Everything In The Pantry Is An Ingredient

In hard times you eat what you can get and whenever you can get it. We are proving this to ourselves now as we look at what the pantry has to offer.

Without breaking into the stash of baked beans  – both cans – or the equally vast horde of soup and sardines, we will have to consider what can be done with the rice, pasta, and wheat flour…given that we rarely approach any of the containers.

We’re good for Asian condiments in colourful bottles with Japanese writing. If sushi breaks out we’ll be all set. Likewise if anything needs Coleman’s mustard we are ready to go. Other than that, it looks as if the combinations are going to be either eclectic, catholic, or mixed beyond belief.

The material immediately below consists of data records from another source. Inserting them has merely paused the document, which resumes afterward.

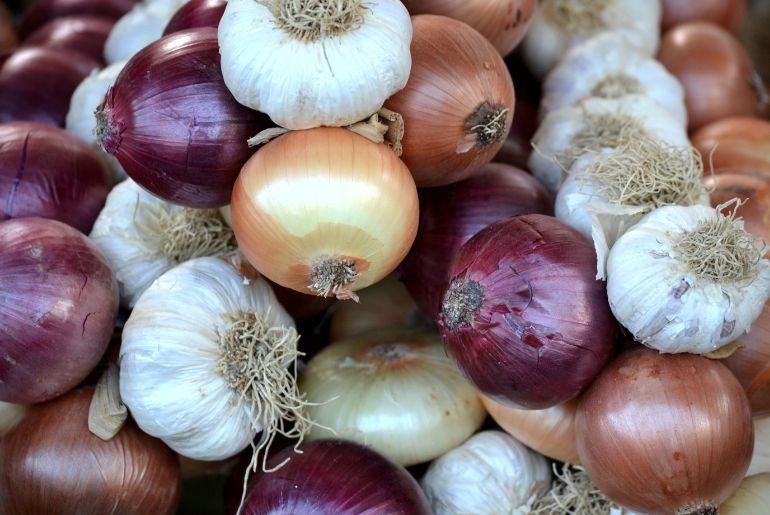 onions garlic shravan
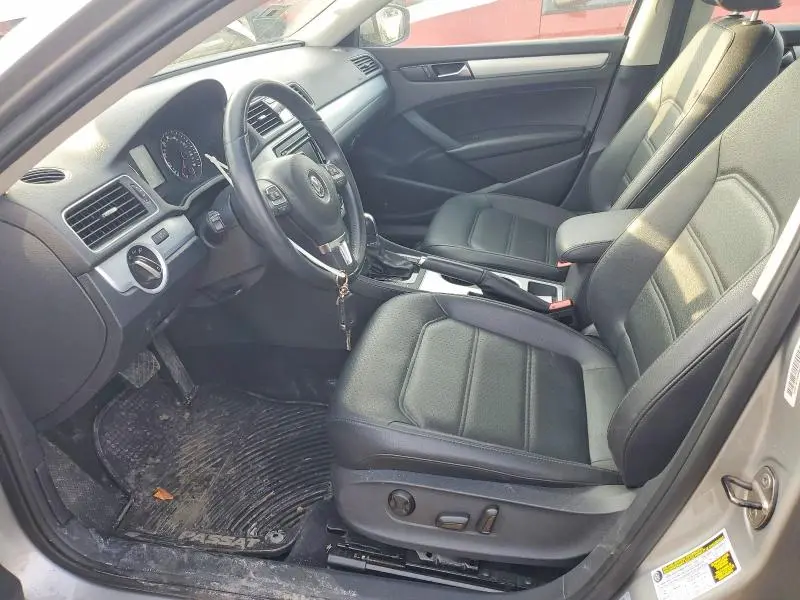 2013 VOLKSWAGEN PASSAT SE  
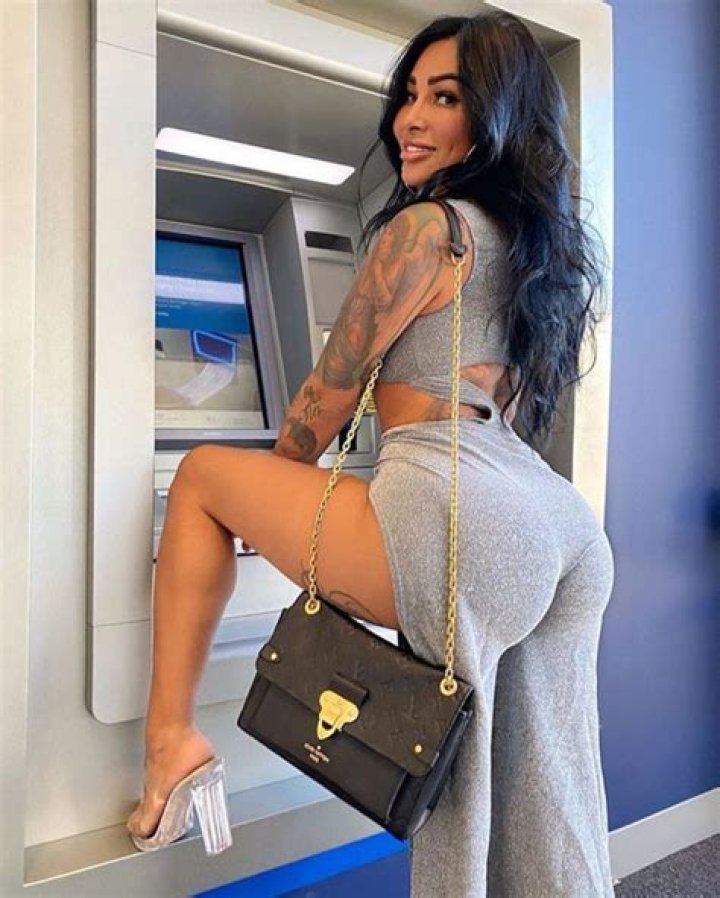 Brittanya Razavi Social Media & Brand Deals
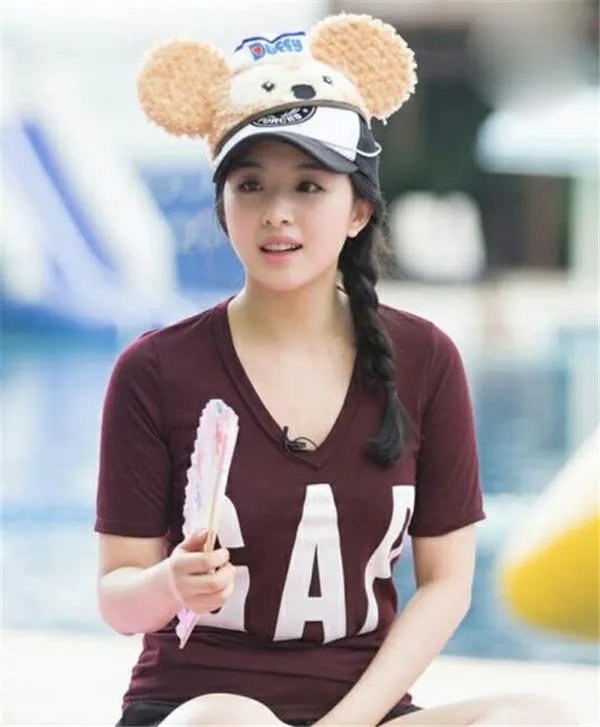 张含韵失业五年无人理现在怎么样了 张含韵算几线演员有多少资产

I hope that it will not come to eating only our own cooking, as we have long lost our last Michelin star. Pray that the takeaway joints will not succumb. I am prepared to drive by them at 20 kph and catch whatever they can sling out the service window. Though I am a little hesitant to go past the pho place and order the laksa under this arrangement.

That stuff’ll eat the duco right off the Daihatsu…

You Cannot Break Eggs Without Making An Omlette

I think that’s how it goes – it’s one of those memes that sounds profound until you say it aloud eight times. I like to say memes aloud on the train as it gets you a seat and space around you.

Idly, if the om of omlette refers to eggs, and the lette part indicates a small thing…is there a full-sized dish of eggs that is just an om? Perhaps an emu or ostrich ? They never tell you these things on the cooking shows.

Tonight we make one with bacon, champignons, and onion bits. Also whatever herbs and spices are in jars in the pantry. It may involve hundreds and thousands or marzipan icing, if the contents of the shelves are anything to go by. Thankfully, I have a wife who can taste it before I do  – as long as I watch to see for any dangerous signs I should be alright.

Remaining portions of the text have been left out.